After making a two-putt birdie on the par-5 14th hole, Torres was 1 over and looking good. Then, he bogeyed the par-4 15th and par-5 16th to put himself in jeopardy.

"I hit poor back-to-back irons on 16 and 17," said the 35-year-old. "I just didn't finish the swings."

After a par on 17, Torres' second shot finished on the front on the two-tiered 18th green, setting up a difficult two putt. After his first putt barely reached the second tier, he calmly drained a 15-footer he considered an absolute must-make.

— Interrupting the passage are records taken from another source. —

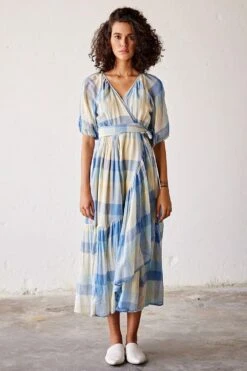 Khara Kapas Blue Checkered Wrap Dress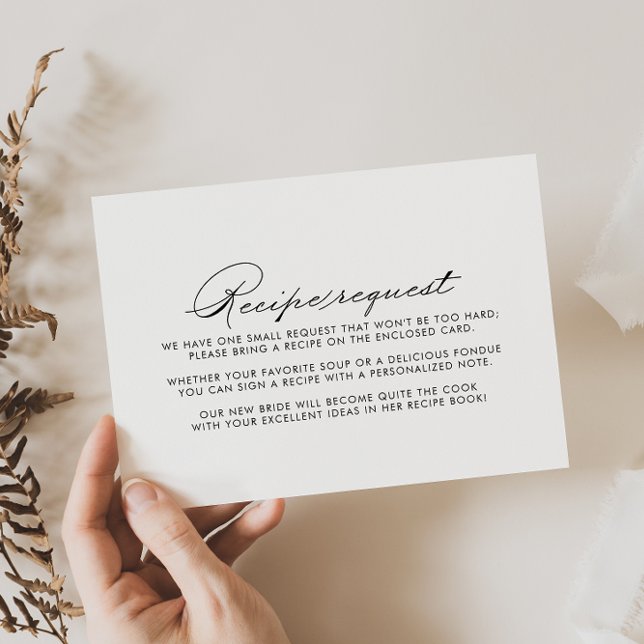Carte D'accompagnement Demande de recette de Mariage de calligraphie mini (Créateur téléchargé)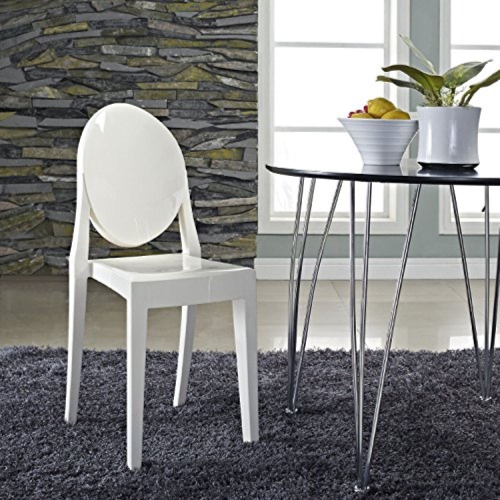 Nicer Furniture? 1 Philippe Starck Louis XVI Ghost Side Chair-Modern Victoria Dining Chair Plastic in White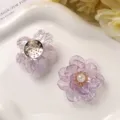 AB Color Acrylic Flower Double Layer Pearl DIY Hair Accessories Component Detail - Purple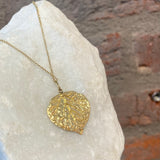 Ross Andrews Extra Large Yellow Gold Aspen Leaf Necklace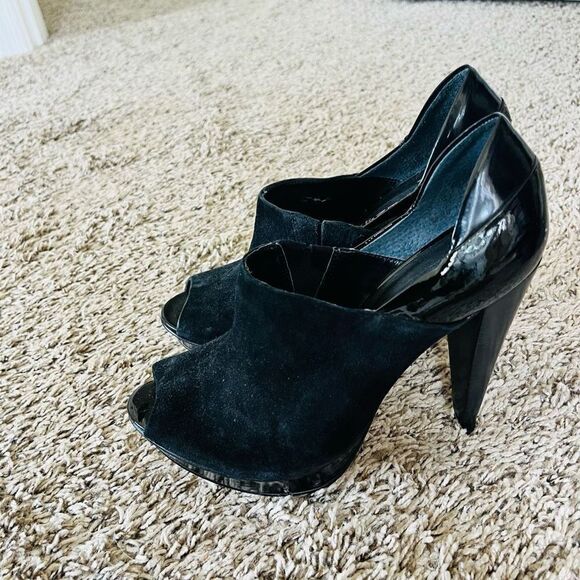 STEVEN by Steve Madden Sweatime black patent leather and black suede d’Orsay hee - Picture 7 of 7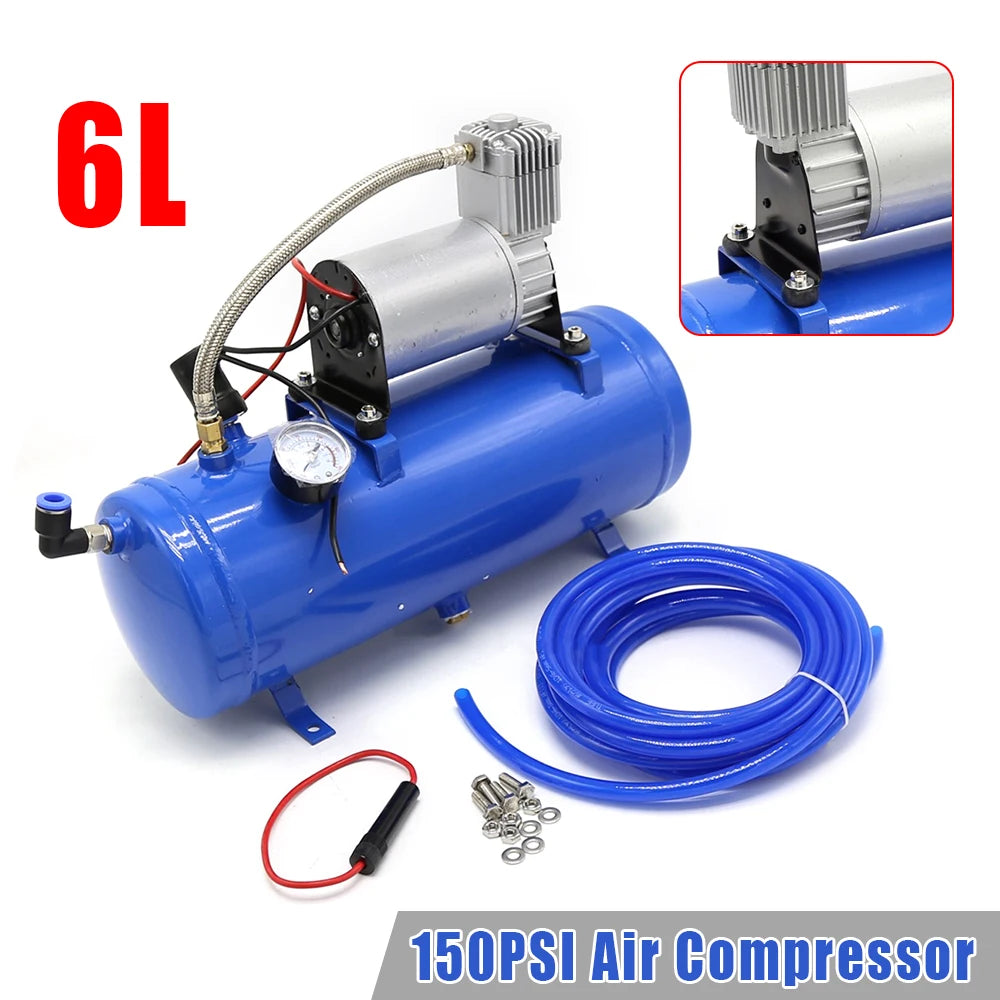 150PSI 12V DC Onboard Air Horn Compressor System Kit Suitable for Truck Cars SUV Boat Tractor RV Off-Road Vehicle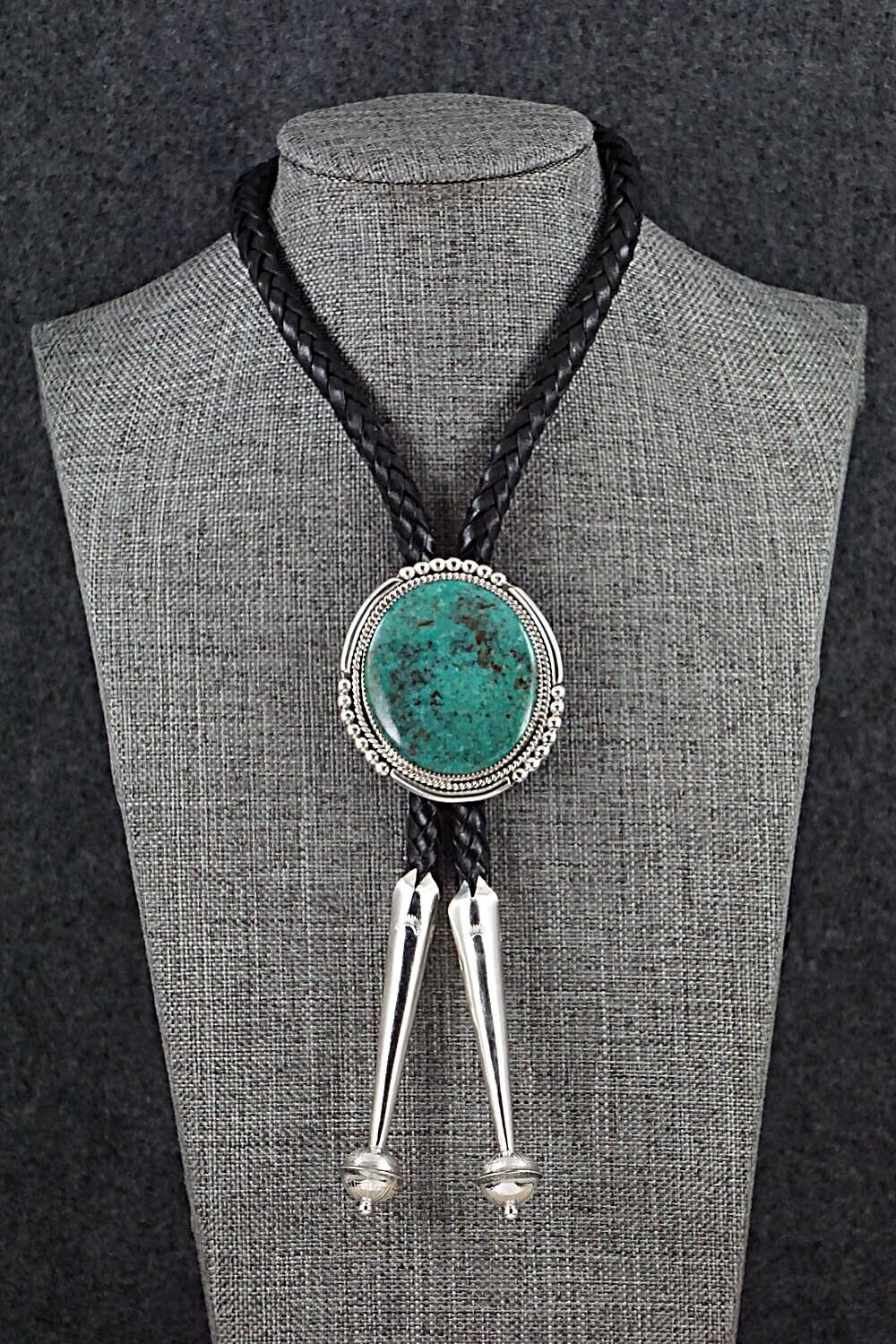 Turquoise & Sterling Silver Bolo Tie - Kenny Calavaza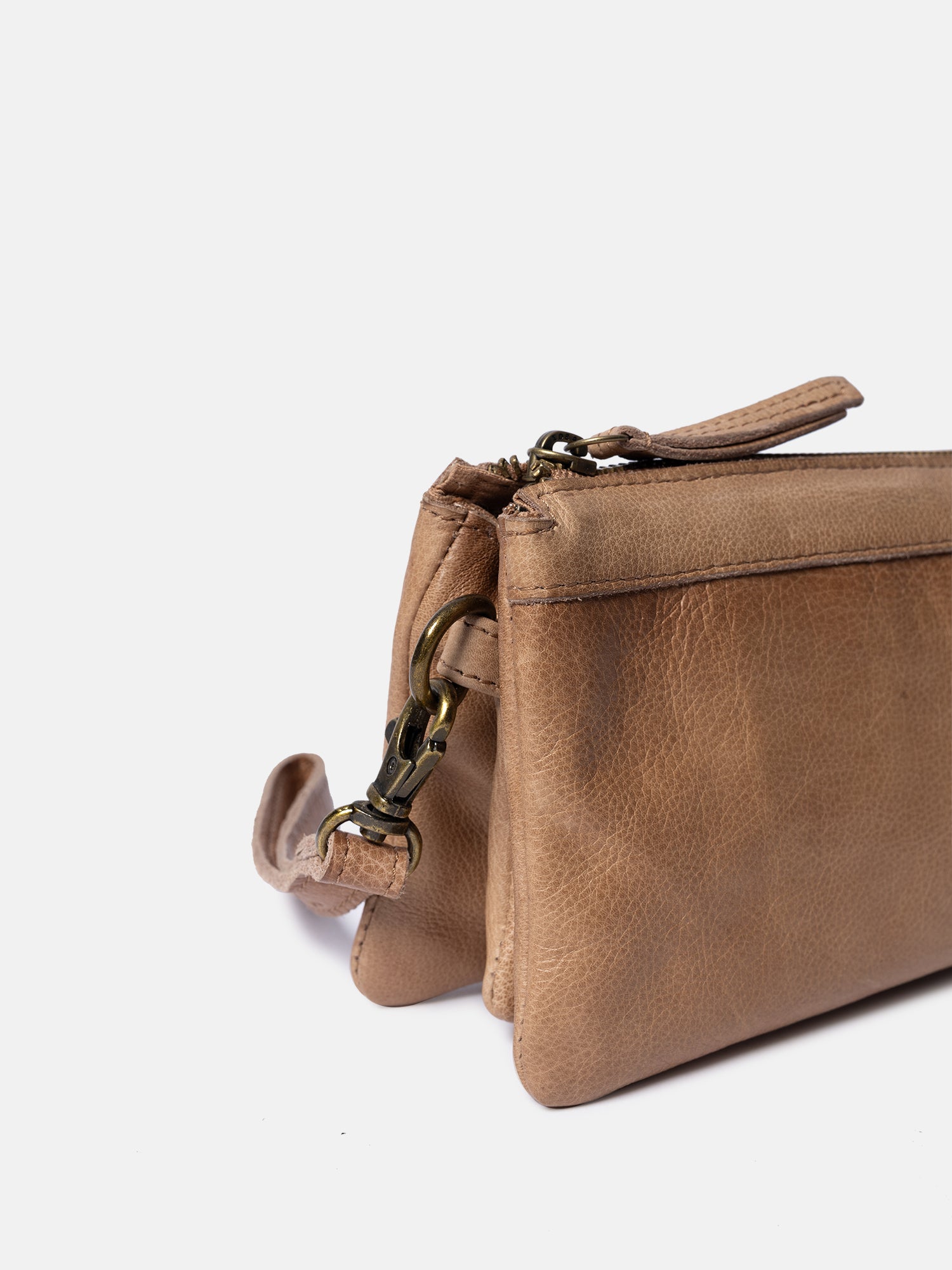 RE:DESIGNED Lisa Urban Clutch Taupe Vollleder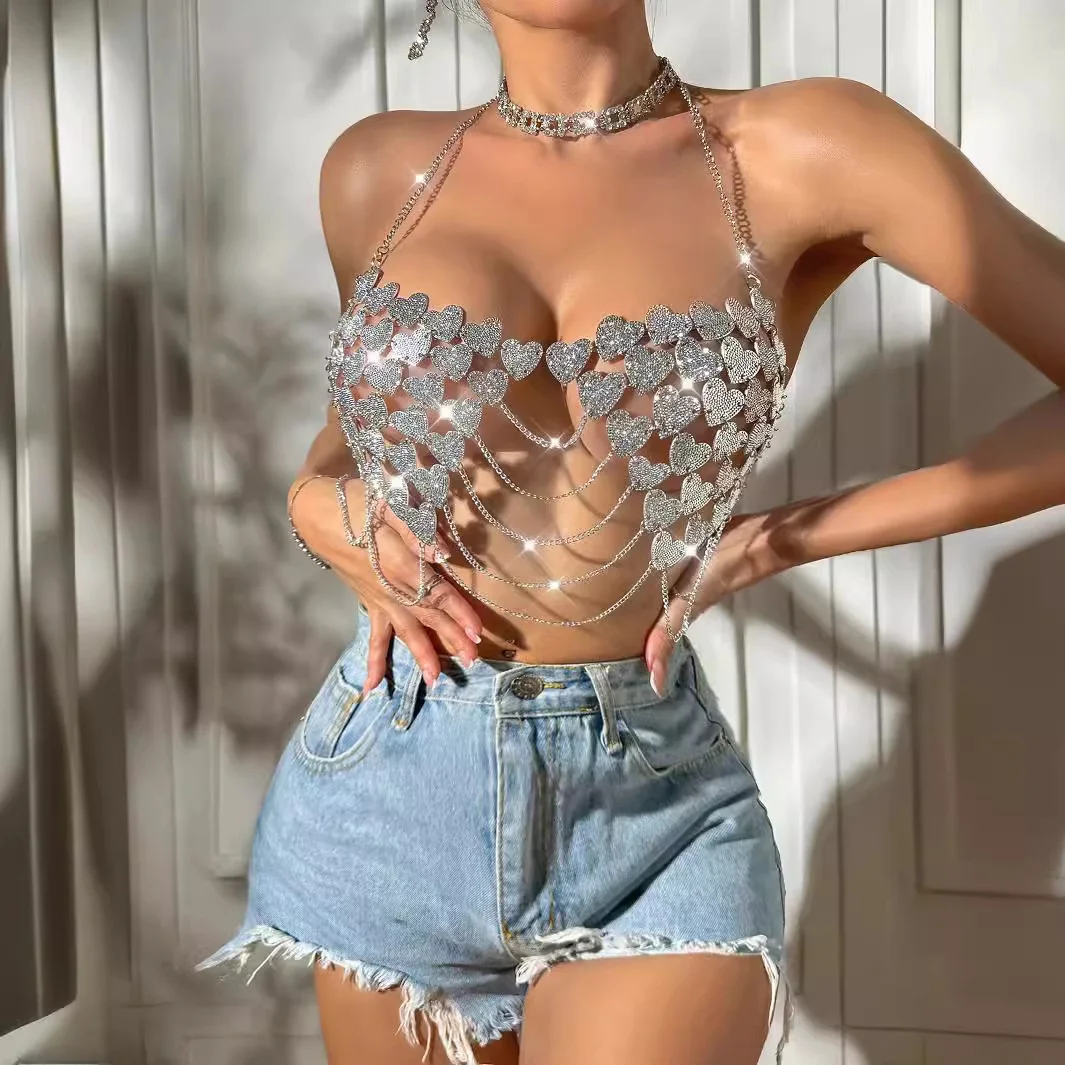 Sexy Sequin Patchwork Metal Chain Strap Beach Nightclub Glowing Girl Street Snap Hanging Neck Strap Y22462 Women's Tube Top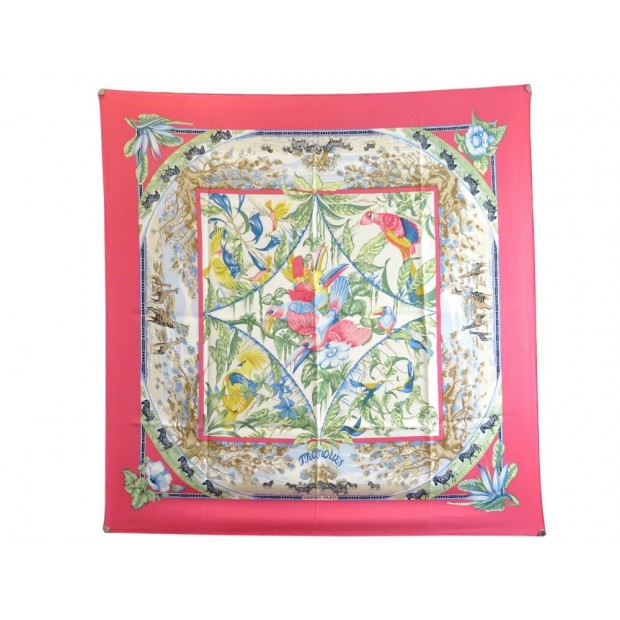 FOULARD HERMES TROPIQUES PAR LAURENCE BOURTHOUMIEUX EN SOIE ROSE SILK SCARF 385€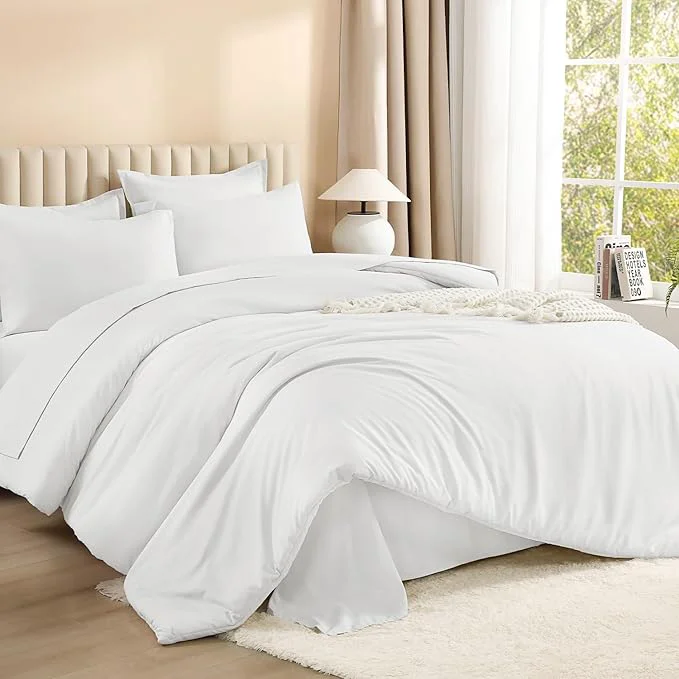 Relaxed Litanika Twin Twin XL Size Comforter Set White - 5 Piece Bed in a Bag Lightweight Bed Set with Comforter Sheets Pillowcase amp Sham Exceptional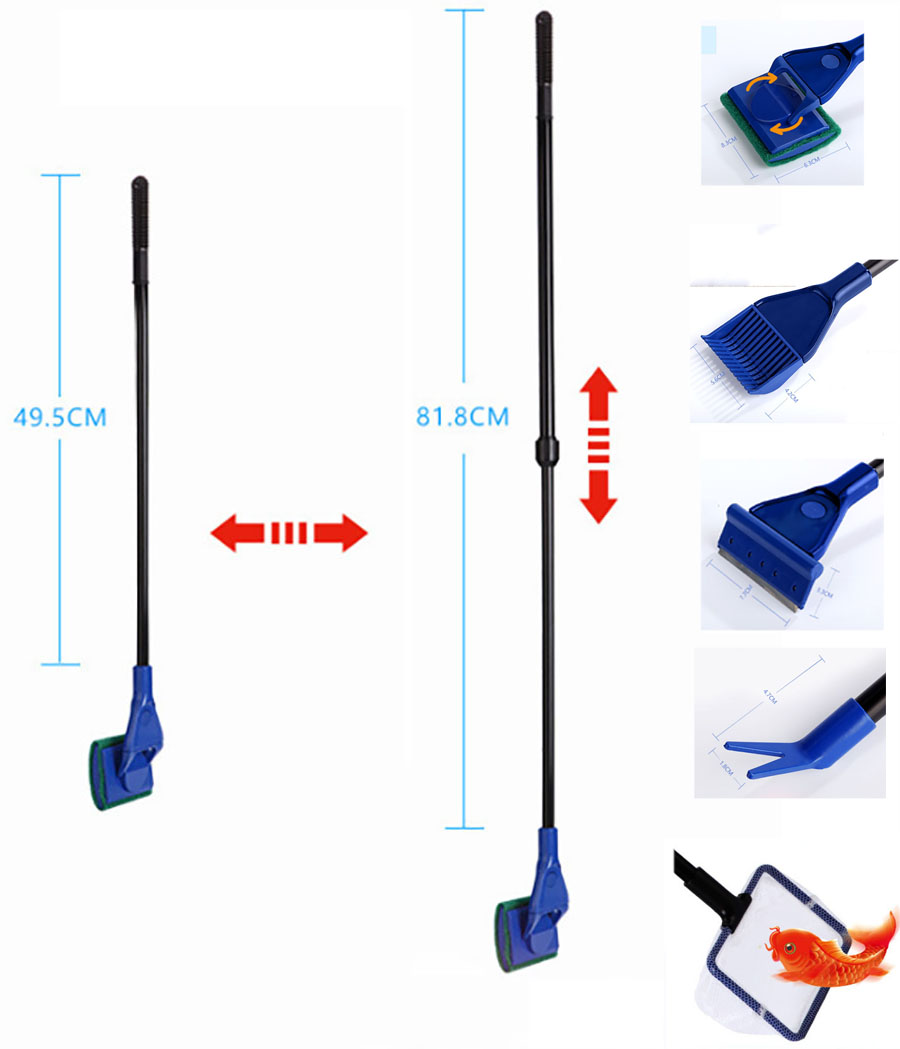 [HCM]Cây chà vệ sinh hồ cá 5 trong dài 49.5 đến 81.8 cm gồm - Đầu chà kính Gầu múc cát sỏi... Lưỡi cạo rêuLưởi móc - vợt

As it turned out, with no 75s, he would have qualified anyway, but he didn't know that at the time.

Torres was happy to give some of the credit for his good putting day to course superintendent Jim Conant.

"The greens were perfect," he said. "They were receptive to shots and were a good speed."

It was a return to the past for Downes, 46. He hasn't played much tournament golf in recent years but was a dominant force in Western Massachusetts and had PGA Tour aspirations in the 1990s.

"It wasn't easy out there with the wind and the elevation changes, but I played really solid all day long," Downes said.

A combination of back issues, helping to raise a family and his job have kept him off the course. However, Hampden CC is undergoing a major renovation, closing the course and giving Downes more time to hone his swing.

"For the first time in five years I have started practicing hard the past few weeks and it was fun to see the results," he said.

Gaudette, meanwhile, was the only amateur to advance to June's tournament at Woodland Country Club. Like Torres, the Yale senior-to-be had a shot he considered a must-make on No. 18 and delivered, chipping in for a birdie.

"I was thinking I needed it," said the 20-year-old, who reacted like that was the case when the ball dropped into the hole.